On NPR Monday, Fresh Air host Terry Gross spent 35 minutes with Washington Post reporter Greg Miller, promoting his book The Apprentice: Trump, Russia And The Subversion Of American Democracy. She wanted to know if they could accuse Sen. Mitch McConnell with treason:
TERRY GROSS: ...meanwhile, John Brennan - who is trying to convince [Mitch] McConnell, look, Russia's interfering in the election, and McConnell is saying, oh, yeah, if you say that publicly, I'm going to say you're interfering in the election. So Brennan recently lost his security clearance, and McConnell is still the Senate majority leader. I'm wondering - and I don't know if you can answer this at all - but if it can be proven that McConnell knew that Russia was trying to interfere in our election and influence the outcome of it and then tried to cover it up, to deny that it was happening, is that treason? Is that, like, legally treason?
MILLER: I don't want to use words like treason.
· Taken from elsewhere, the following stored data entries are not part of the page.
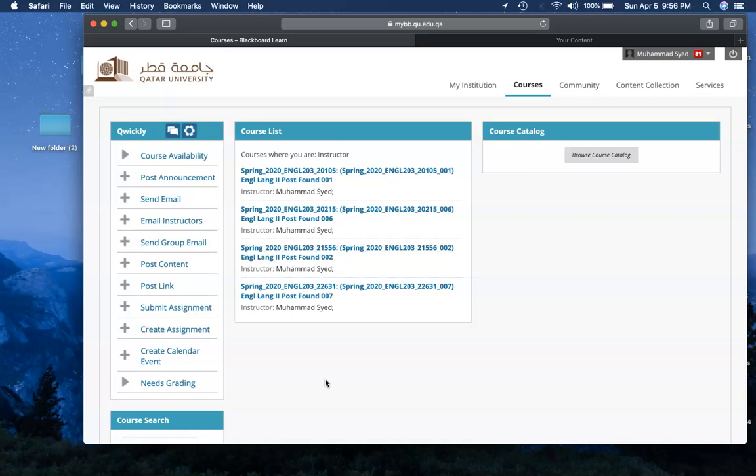Also, if you can make 1.5 or double spacing, there is no score for it, there is no requirement, but if you make it, it's easier to type the comments. If you don't do it, that is also fine. Now, once you finish typing, first of all it's main idea one.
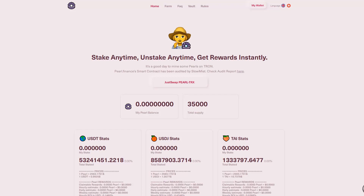Hey, it's Crypto Expat back with another video. Today we're going to talk about Pearl Finance — basically the Tron version of yield farming. It's one of the first ones that have come out. I just started yield farming a small amount and I want to show you how much I've made, as well as step-by-step how to actually start yield farming on Pearl Finance, because the interface is really clunky — not like what you see with Ethereum-based yield farming.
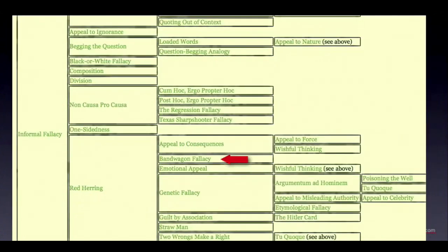Now let's shift down a bit. This is a section of the hierarchy rooted in the category of informal fallacies — another way of identifying fallacies where the problem with the argument doesn't come down to an issue of logical form, but has to do with the content of what's being asserted or with other aspects of argumentation. Notice here you can find the bandwagon fallacy, categorized as a subtype of red herrings.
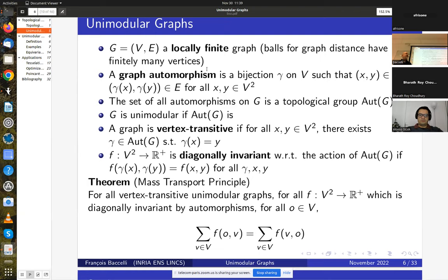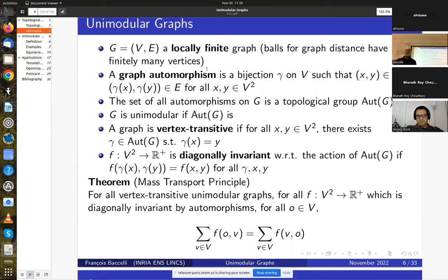A graph is unimodular if its automorphism group is unimodular. To be concrete, take the graph ℤ^d: all integer-value translations are automorphisms of this graph. The graph is vertex transitive if for every pair of vertices x and y in V there exists a γ in the automorphism group that brings x to y. For ℤ^d this is satisfied by integer translations.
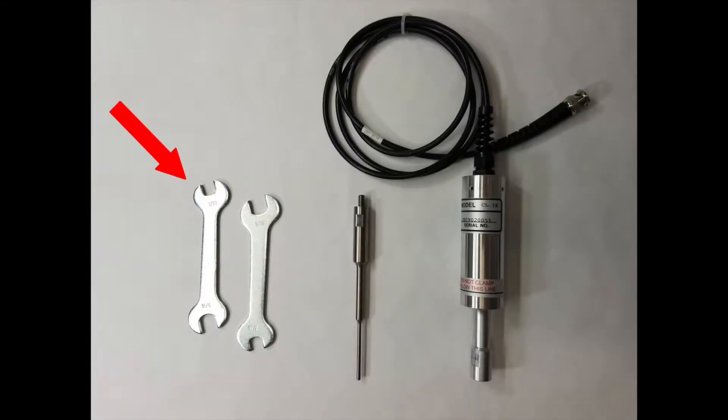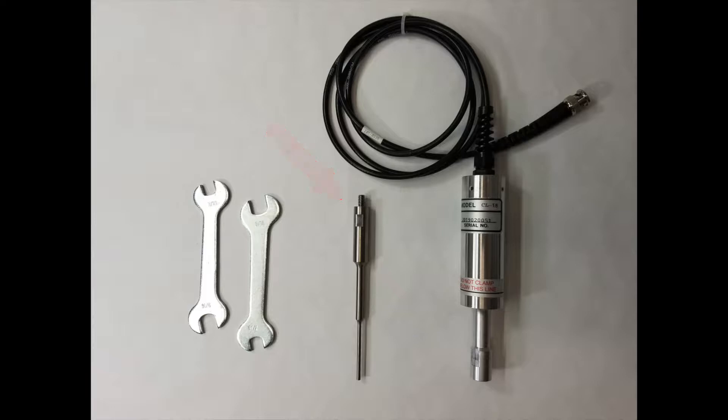These are the wrenches that come with your system. This is the 1/8-inch microtip probe, and this is the CL18 converter.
But I write about many cases that are really distressing, that tell us that we're in a different political era than anything we've - that we've seen in this country for a long time, where political imperatives, where loyalty to party or party considerations, seem to overwhelm everything else, including the concern for the country and its core institutions. I mean, what's more core than an election, an election for a president of the United States? What is more deserving of protection and putting above all party considerations than that?
And yet, we see numerous cases through this period in which, when senior officials learn about this - and I think Mitch McConnell is one of them - their impulse is to protect their party interests, to try to protect the prospect of a Trump victory over the sanctity of the election itself. I mean, it's a troubling thing.
Liberals get very upset when Trump accuses someone of treason, but they lob the T-word a lot.
Since when has NPR been so nationalistic? Just last December Terry Gross's show was typically promoting radical leftist Daniel Ellsberg as he gabbed of his affinity for Bradley/Chelsea Manning and Edward Snowden for leaking national secrets:
"I identify more with Chelsea Manning and with Edward Snowden than with any other people on earth. We all faced the same question which is, who will put this information out if I don’t?" -Daniel Ellsberg, who leaked the Pentagon Papers in 1971
Ten years ago, Gross was sympathizing with Pentagon bomber Bill Ayers, who is arguably more treasonous than Senate Republican leaders. But Ayers was sympathetic next to that mean-spirited Sarah Palin: "when Sarah Palin started talking bout how Obama was palling around with terrorists, meaning you, did you start getting a lot of death threats?" Later, she repeated it: "When you were getting those death threats, did you think at any point that the McCain-Palin campaign had crossed the line into irresponsibility?"